L’affaire des 2,5 tonnes de cocaïne saisie en juin dernier sur la Petite côte atterrit à la barre du tribunal des flagrants délits de Dakar. Ce ne sont pas les personnes interpellées dans ce trafic à grande échelle qui comparaîtront devant le juge, mais le directeur de publication et un journaliste du quotidien « Le Populaire ». Djibo Kâ, ministre de l’Economie maritime à l’époque, s’estime diffamé par un article relatif à cette histoire. L’affaire, qui n’a pas été retenue hier, a été renvoyée à une autre date.
Le vendredi 3 août dernier, le quotidien d’information de proximité « Le Populaire » titrait, en gros caractères, à sa une : « Couverture des narcotrafiquants arrêtés à Mbour : Ce que Djibo savait... ». A la page 7, un article signé par Pape Sarr s’interroge : « projet de crevetticulture à Ndangane Sambou, blanchiment et couverture : les narcotrafiquants avaient-ils des complices dans l’appareil d’Etat ? ». L’article en question fait savoir : « au début du mois de juillet, et en une semaine, la Gendarmerie démantelait un réseau très dense de trafiquants de drogue qui couvraient leurs activités grâce à plusieurs sociétés écrans montées dans le cadre de ce trafic. Parmi ces couvertures, poursuit l’article, un projet en crevetticulture monté à dessein afin de maquiller le trafic dans le village de Ndangane Sambou (Communauté rurale de Fimela, région de Fatick). La Gendarmerie, ajoute l’auteur de l’article, a éventé le coup. Quelques jours plus tard, le ministre de l’Economie maritime, Djibo Leyti Kâ, se faisait limoger de son poste en permutant avec le ministre d’Etat, ministre de l’Environnement et de la Protection de la nature, Souleymane Ndéné Ndiaye. Si son implication réelle dans les opérations montées par les trafiquants reste à être prouvée, il demeure qu’il a donné son accord à l’installation du projet de crevetticulture à Ndangane », précise l’article.

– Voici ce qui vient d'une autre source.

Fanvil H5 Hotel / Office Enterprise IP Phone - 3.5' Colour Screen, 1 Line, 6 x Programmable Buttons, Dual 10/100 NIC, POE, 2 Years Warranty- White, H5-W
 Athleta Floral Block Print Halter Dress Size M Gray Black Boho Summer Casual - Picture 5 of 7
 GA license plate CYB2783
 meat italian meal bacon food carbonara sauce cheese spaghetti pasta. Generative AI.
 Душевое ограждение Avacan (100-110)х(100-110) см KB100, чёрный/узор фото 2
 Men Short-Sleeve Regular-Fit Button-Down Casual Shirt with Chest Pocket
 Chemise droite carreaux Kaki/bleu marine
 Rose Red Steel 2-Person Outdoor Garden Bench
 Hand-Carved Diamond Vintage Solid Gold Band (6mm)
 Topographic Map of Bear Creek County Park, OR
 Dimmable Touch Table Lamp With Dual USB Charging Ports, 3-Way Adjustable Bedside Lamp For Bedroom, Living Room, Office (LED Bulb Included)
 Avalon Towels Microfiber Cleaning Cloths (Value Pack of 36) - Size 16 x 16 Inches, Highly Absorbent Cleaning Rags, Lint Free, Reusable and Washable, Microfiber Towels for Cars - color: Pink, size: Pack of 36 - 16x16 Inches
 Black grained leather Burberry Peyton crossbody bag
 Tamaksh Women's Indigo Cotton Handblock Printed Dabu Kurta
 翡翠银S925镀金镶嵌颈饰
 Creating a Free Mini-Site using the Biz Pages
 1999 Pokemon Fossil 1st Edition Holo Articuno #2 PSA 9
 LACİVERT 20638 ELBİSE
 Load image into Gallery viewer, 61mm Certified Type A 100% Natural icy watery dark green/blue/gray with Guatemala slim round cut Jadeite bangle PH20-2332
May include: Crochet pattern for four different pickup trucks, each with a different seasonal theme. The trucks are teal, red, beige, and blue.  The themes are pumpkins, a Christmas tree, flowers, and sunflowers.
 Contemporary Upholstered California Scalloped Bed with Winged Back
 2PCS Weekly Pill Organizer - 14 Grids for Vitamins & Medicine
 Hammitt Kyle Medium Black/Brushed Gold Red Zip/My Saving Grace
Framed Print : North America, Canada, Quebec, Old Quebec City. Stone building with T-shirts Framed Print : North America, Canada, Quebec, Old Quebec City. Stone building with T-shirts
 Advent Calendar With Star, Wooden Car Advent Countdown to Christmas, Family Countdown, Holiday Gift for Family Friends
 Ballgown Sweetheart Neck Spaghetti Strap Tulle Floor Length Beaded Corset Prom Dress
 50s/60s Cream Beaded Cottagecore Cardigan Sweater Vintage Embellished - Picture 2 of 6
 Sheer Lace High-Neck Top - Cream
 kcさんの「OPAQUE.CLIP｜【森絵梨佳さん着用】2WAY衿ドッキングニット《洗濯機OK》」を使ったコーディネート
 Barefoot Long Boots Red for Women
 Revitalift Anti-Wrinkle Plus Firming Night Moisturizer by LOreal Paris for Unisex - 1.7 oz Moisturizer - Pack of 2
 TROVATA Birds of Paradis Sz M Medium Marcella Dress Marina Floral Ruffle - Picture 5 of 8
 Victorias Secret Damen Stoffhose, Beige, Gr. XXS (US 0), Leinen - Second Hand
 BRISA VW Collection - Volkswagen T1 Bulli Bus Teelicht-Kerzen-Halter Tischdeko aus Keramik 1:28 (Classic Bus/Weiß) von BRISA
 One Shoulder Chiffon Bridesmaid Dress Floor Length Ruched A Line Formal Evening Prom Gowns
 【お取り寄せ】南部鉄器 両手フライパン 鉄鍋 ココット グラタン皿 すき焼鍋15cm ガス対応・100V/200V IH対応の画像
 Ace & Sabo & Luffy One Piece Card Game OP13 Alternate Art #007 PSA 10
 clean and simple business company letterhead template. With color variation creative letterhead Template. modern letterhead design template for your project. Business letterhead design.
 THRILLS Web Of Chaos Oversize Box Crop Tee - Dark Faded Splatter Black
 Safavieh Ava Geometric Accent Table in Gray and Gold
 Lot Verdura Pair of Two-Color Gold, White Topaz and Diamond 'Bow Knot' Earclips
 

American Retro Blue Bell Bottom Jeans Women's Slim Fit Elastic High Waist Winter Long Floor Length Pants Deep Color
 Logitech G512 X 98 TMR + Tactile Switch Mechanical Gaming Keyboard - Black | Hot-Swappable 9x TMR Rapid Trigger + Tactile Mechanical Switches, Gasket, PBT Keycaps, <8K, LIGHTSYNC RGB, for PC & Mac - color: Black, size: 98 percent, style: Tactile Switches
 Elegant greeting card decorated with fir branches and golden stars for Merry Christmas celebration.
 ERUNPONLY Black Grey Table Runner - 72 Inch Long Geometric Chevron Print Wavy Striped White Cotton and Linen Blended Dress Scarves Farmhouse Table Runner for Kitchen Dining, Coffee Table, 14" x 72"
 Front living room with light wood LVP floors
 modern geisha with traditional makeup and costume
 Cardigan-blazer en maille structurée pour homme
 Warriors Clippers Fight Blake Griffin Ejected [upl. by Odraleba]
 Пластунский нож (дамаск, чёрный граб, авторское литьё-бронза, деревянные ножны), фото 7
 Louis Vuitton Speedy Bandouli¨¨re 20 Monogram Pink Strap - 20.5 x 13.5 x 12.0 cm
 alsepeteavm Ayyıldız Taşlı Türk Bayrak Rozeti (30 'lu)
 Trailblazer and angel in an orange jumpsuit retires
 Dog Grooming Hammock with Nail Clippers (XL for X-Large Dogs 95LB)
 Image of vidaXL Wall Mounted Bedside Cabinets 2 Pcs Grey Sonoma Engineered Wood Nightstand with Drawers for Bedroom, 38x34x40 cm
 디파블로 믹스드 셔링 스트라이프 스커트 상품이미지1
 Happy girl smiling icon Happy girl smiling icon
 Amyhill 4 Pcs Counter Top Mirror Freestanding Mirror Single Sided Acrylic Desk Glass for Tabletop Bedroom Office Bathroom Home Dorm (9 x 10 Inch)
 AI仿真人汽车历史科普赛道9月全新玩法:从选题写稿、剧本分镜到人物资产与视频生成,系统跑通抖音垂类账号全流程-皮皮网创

Le journaliste Pape Sarr de conclure : « en l’état actuel de nos investigations (qui se poursuivent), on peut bien dire que les soupçons sont bien grands qu’au niveau de l’Etat, en tout cas, l’on a bien fermé les yeux ». Ces passages sont interprétés par les avocats de M. Kâ comme des « allégations » mettant en cause leur client par des « insinuations ou sous la forme interrogative ». Le plaignant s’estime diffamé également par un autre passage laissant croire qu’il a été question d’un rapport qui serait une « béquille scientifique » dont le but serait d’avaliser « un projet sérieux de blanchiment de l’argent sale et de trafic de drogue ». Ces affirmations sont perçues comme établissant un lien avec la charge de ministre d’Etat, ministre de l’Economie maritime qu’il occupait au moment des faits. Estimant qu’elles ont été faites avec une « méchanceté manifeste », dans « une intention de nuire » à M. Kâ et de « discréditer avec lui tout un Etat », la partie plaignante réclame justice. D’autant plus que, dit-on, l’article du « Populaire » vise à amener le lecteur à croire que Djibo Kâ serait impliqué, en sa qualité de ministre, dans une histoire de trafic de drogue et qu’il serait auteur ou bénéficiaire de pratiques illicites de blanchiment d’argent.
Par conséquent, le plaignant demande au juge de condamner le directeur de publication Yakham Mbaye et Pape Sarr, poursuivi pour complicité, et la société « 7 Editions Sa », éditrice du « Populaire », à lui allouer juste le franc symbolique à titre de dommages et intérêts pour un préjudice qualifié d’extrêmement grave. La partie civile sollicite également la suspension du « Populaire » pour une durée de trois mois. Une décision à assortir de l’exécution provisoire. Djibo Kâ, au cas où le tribunal lui donnerait gain de cause, veut non seulement que la décision du juge soit publiée dans neuf quotidiens sénégalais, mais également dans des journaux étrangers comme « Jeune Afrique L’Intelligent », le quotidien français « Les Echos », les journaux britanniques « The Times » et « The Financial times » et le « New York Times » des Etats-Unis.